Banking and Financial Services Sections

Do Your Kids Watch TV in Your Home Office?

Know the Rules to Understand If You Qualify for Deduction

Today, technology allows us the opportunity to work from just about anywhere. One benefit is the ability to work from home. This has brought the home-office deduction into play for some taxpayers — or so they think. Taxpayers assume that, since they work from home, they will qualify for the deduction.
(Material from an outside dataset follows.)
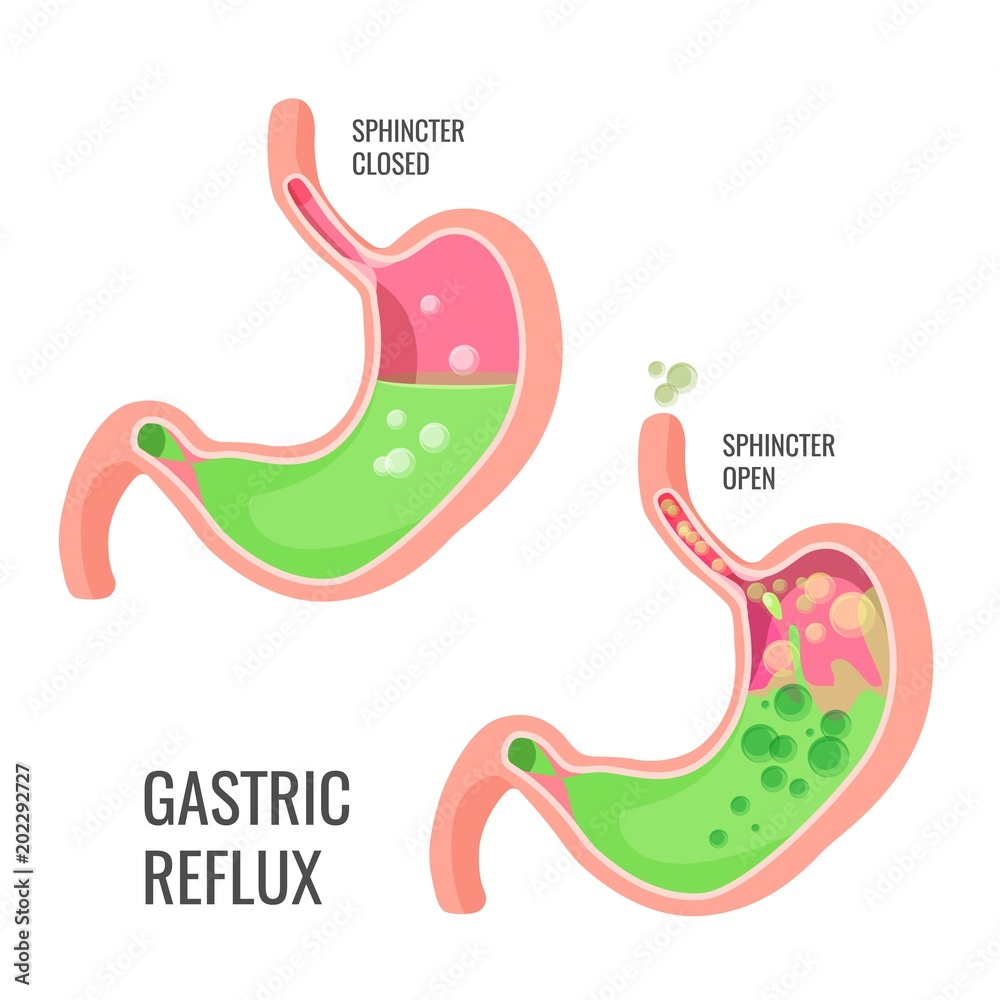 Gastric reflux medical promo poster with human organ Gastric reflux medical promo poster with human organ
This may not be the case, as we will see in this article.

Sean Wandrei

Sean Wandrei

Tax law states that the deduction is permitted for expenses associated with that portion of the home that is exclusively used on a regular basis either (1) as the principal place of business for any trade or business of the taxpayer; (2) as a place of business that is used by patients, clients, or customers in meeting or dealing with the taxpayer in a normal course of his or her trade or business; or (3) in the case of a separate structure that is not attached to the home, in connection with the taxpayer’s trade or business. As long as one of the above requirements is met, the taxpayer can take the deduction.

A principal place of business is a location that a taxpayer uses for the administrative or management activities of the taxpayer’s trade or business if there is no other fixed location where the taxpayer conducts substantial administrative or management activities.
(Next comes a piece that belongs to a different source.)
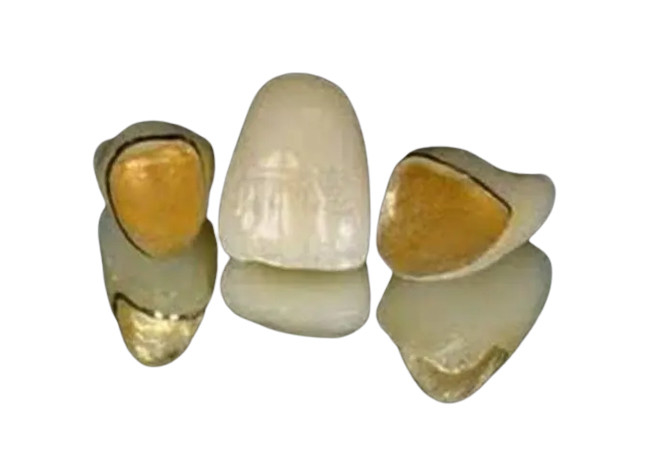 Diseño realista de la numeración del color de PFM del metal de los dientes superficiales lisos de la porcelana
‘Exclusively used on a regular basis’ can be a difficult hurdle to overcome. A taxpayer must use the space exclusively for business all the time and not just during business hours. This means that the kids cannot go into the ‘office’ to watch TV or do their homework. It also means that the business owner who does his or her billing on the kitchen table does not have a space that is exclusively used in business.

The most likely scenario is that a self-employed business owner has an office in his or her home that they use for business. The billing, scheduling, administrative work, etc. is done in this room since the taxpayer has no other location to do these types of activities. The office is not used by anyone else in the household during off hours.

A note on employees: if you are an employee who works from home and has a home office, you can take the deduction as long as you are working from home for the convenience of the employer. Most employees work from home for their own convenience.

If it has been determined that there is a home office, what expenses are deductible, and how is the deduction calculated? Relevant expenses are categorized as direct and indirect. Direct expenses benefit the office portion of the home directly (e.g. painting the office) and are deducted in full. Indirect expenses are incurred while maintaining and operating the home. Indirect expenses must be allocated since they benefit both the home and the home office. The allocation is based on floor space of the office compared to that of the home in total to arrive at a business percentage. The indirect costs are multiplied by the home-office percentage to arrive at the total indirect cost.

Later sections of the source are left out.